Diego Cell showing in red from Ops manager
search cancel

Diego Cell showing in red from Ops manager

book

Article ID: 423916

calendar_today

Updated On:

Products

VMware Tanzu Application Service

Issue/Introduction

  • In TAS/Elastic Application Runtime deployments, one or more Diego Cells is showing in red in the Ops Manager > Status view.



  • The Diego Cell is within normal ranges for CPU, Memory, and Persistent disk consumption.
  • Using the Bosh CLI from Opsman VM, the Diego Cell is running and reports no errors.

Environment

This was observed in TAS versions 6.0.x, however, this condition might present itself in all versions.

Cause

Intermittent service failures on the Diego Cell might lead to the red highlighting of the VM from the Opsman Status page for the TAS tile.

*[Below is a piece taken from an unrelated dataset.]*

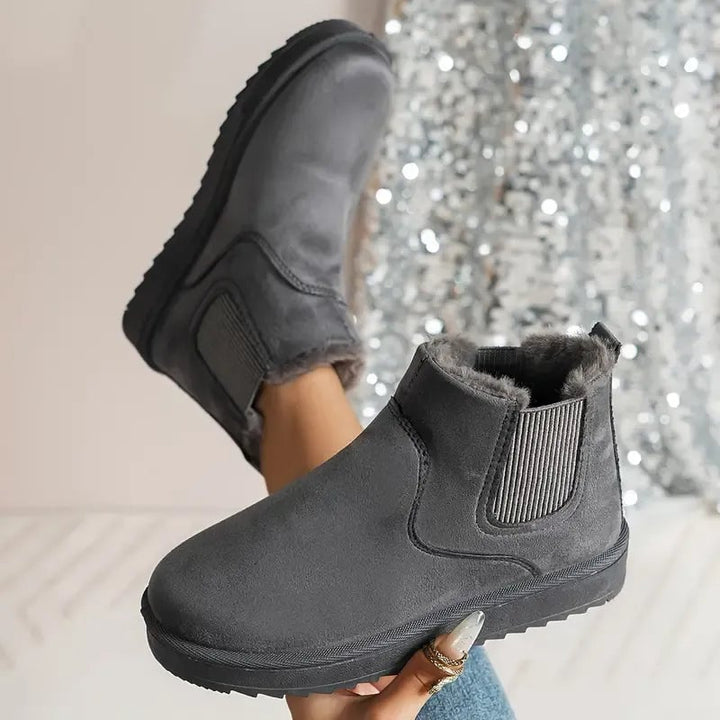Multiple color options of the solid color short boots including khaki, black, brown, white, pink, and gray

Deeper investigation is required to identify the cause.

Resolution

  1. Gather a log bundle from Opsman for review.
  2. Gather logging from the problem Diego Cell node.
  3. From the Opsman log bundle; review the "current" log for Linux Diego Cells, or the "service_wrapper.#.err.log" for Windows Diego Cells.
    • Search for "pid failed" and  "job_state":"failing" to identify any failing jobs on the problem node.
    • Example from a Windows Diego Cell:

      [NATS Handler] 2025/12/17 06:14:35 INFO - Sending hm message 'alert'

      [NATS Handler] 2025/12/17 06:14:35 DEBUG - Message Payload

      ********************

      {"id":"syslog_forwarder_windows","severity":2,"title":"syslog_forwarder_windows (<IP ADDRESS>) - pid failed - Start","summary":"exited with code 1","created_at":1765952075}

      ********************

       

      ********************

      {"state":"failing"}

      ********************

      [attemptRetryStrategy] 2025/12/17 06:14:36 DEBUG - Making attempt #0 for *retrystrategy.retryable

      [agent] 2025/12/17 06:14:36 INFO - Attempting to send Heartbeat

      [NATS Handler] 2025/12/17 06:14:36 INFO - Sending hm message 'heartbeat'

      [NATS Handler] 2025/12/17 06:14:36 DEBUG - Message Payload

      ********************

      {"deployment":"pas-windows-############","job":"windows_diego_cell","index":7,"job_state":"failing","vitals":{"cpu":{"sys":"8.8","user":"4.8","wait":"0.0"},"disk":{"ephemeral":{"inode_percent":"0","percent":"32"},"system":{"inode_percent":"0","percent":"19"}},"load":[""],"mem":{"kb":"10110320","percent":"20"},"swap":{"kb":"0","percent":"0"},"uptime":{"secs":106300}},"node_id":"########-####-####-####-############"}

      ********************

  4. The current or service_wrapper.#.err.log will help identify the individual job that is failing. Deeper investigation into the failing job logs will be required to identify exactly why the service is restarting. In the above example, review of the syslog_forwarder_windows/job-service-wrapper.err.log identified connections being forcibly closed by the remote host:

    2025/12/16 06:11:15 Starting to tail file: c:\var\vcap\sys\log\windows2019fs\pre-start.stdout.log

    2025/12/16 06:11:16 Error connecting on attempt 1: EOF. Will retry in 2 seconds.

     

    2025/12/16 06:13:29 Error connecting on attempt 1: read tcp <LOCAL_IP_ADDRESS>:55791-><REMOTE_SYSLOG_IP_ADDRESS>:443: wsarecv: An existing connection was forcibly closed by the remote host.. Will retry in 2 seconds.

  5. Investigation into the physical network was required to identify the remove disconnects.